Good experience design isn’t magic; it’s a scientific approach from the perspective of the customer. Although experiences are not easily measured, there’s quantifiable data that you can rely on when you compare the reactions of customers. For example, specific measures might be customer preference of the new design over the old one (emotion), giving the right information to the customer (usefulness), or how long it took to get that information. Another metric is if the customer would recommend the product or service to another based on the experience.

On the commerce side, you simply look at your business success. Did the customer buy or not? What were the conversion rates, and where did changes occur in the sales funnel?

It’s equally as easy to quantify success in “use.” Again, it’s a matter of testing. Give users the product and see if they can successfully use it in the way it’s intended to be used. When you watch and record the interaction of the user with the product, service, or app, you get a very clear yes-or-no answer to the question of whether your experience design is successful. If your client can’t complete the task, sign up, or make the transaction in a reasonable time with little help or training, you know you have issues.

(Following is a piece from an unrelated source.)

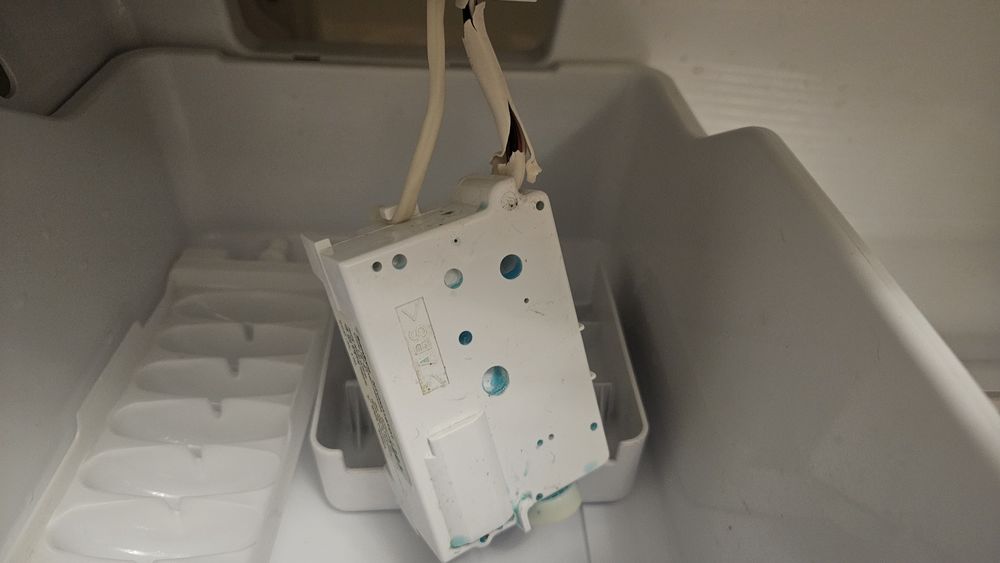 Холодильник Samsung 3-х дверний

Benchmarking on the experience side, not just the technology side, is another way to make sure you are creating the best possible user experience. First test, then redesign to make the product better than it previously tested, and repeat. Designers can try to improve their “build” in ways to make the percentage of task completion better and the satisfaction level higher.

Key experience metrics include market and user research through surveys, focus groups, interviews, or observation. How do users behave? How do customers perceive? When the experience is good and people can use the product easily, they’re happier and more engaged. When consumers and users are happier, companies will see a direct correlation in advocacy, in sales, and ultimately in business impact.

Are You Ready to Embrace Change?

Change is a constant in business. When you change your process or design, there’s always a risk. But if you do it in the right way, the risk will be outweighed by the immense benefits to your customer, your user, and to your bottom line.

Experience Thinking is logical and holistic. Embrace it and you will deliver ongoing value in tune with your audience’s needs and desires.